Closed ShahRutav closed 3 months ago
Hello! Thanks for reaching out. Here's some code from one of our teammates @cremebrule that does very similar things:
def compute_point_cloud_from_depth(depth, K, cam_to_img_tf=None, world_to_cam_tf=None, visualize_every=0, grid_limits=None):
# K - 3x3 cam intrinsics matrix
# tfs - 4x4 homogeneous global pose tf for cam
# Camera points in -z, so rotate by 180 deg so it points correctly in +z -- this means
# omni cam_to_img_tf is T.pose2mat(([0, 0, 0], T.euler2quat([np.pi, 0, 0])))
h, w = depth.shape
y, x = np.meshgrid(np.arange(h), np.arange(w), indexing="ij", sparse=False)
assert depth.min() >= 0
u = x
v = y
uv = np.dstack((u, v, np.ones_like(u)))
Kinv = np.linalg.inv(K)
pc = depth.reshape(-1, 1) * (uv.reshape(-1, 3) @ Kinv.T)
pc = pc.reshape(h, w, 3)
# If no tfs, use identity matrix
cam_to_img_tf = np.eye(4) if cam_to_img_tf is None else cam_to_img_tf
world_to_cam_tf = np.eye(4) if world_to_cam_tf is None else world_to_cam_tf
pc = np.concatenate([pc.reshape(-1, 3), np.ones((h * w, 1))], axis=-1) # shape (H*W, 4)
# Convert using camera transform
# Create (H * W, 4) vector from pc
pc = (pc @ cam_to_img_tf.T @ world_to_cam_tf.T)[:, :3].reshape(h, w, 3)
if visualize_every > 0:
pc_flat = np.array(pc.reshape(-1, 3))
pc_flat = np.where(np.linalg.norm(pc_flat, axis=-1, keepdims=True) > 1e4, 0.0, pc_flat)
fig = plt.figure()
ax = fig.add_subplot(111, projection="3d")
ax.scatter(pc_flat[::visualize_every, 0], pc_flat[::visualize_every, 1], pc_flat[::visualize_every, 2], s=1)
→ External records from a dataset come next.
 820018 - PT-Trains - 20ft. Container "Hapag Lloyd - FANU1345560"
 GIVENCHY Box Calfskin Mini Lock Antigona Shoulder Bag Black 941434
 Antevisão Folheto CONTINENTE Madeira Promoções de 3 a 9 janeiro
if grid_limits is not None:
ax.set_xbound(lower=-grid_limits, upper=grid_limits)
ax.set_ybound(lower=-grid_limits, upper=grid_limits)
ax.set_zbound(lower=-grid_limits, upper=grid_limits)
ax.set_xlabel('X')
ax.set_ylabel('Y')
ax.set_zlabel('Z')
plt.show()
return pc
Do you mind trying this function? You can derive K
from the camera_parameters
. Also, to help with distortion, you could try the depth_linear
modality instead of depth
. Please let me know if that helps!
Can you share how to do you calculate cam_to_img_tf
and world_to_cam_tf
? It is not directly provided in camera_parameters, it might introduce some differences.
I think you can try this:
set cam_to_img_tf
to T.pose2mat(([0, 0, 0], T.euler2quat([np.pi, 0, 0])))
and
world_to_cam_tf
to T.pose2mat(camera.get_position_orientation())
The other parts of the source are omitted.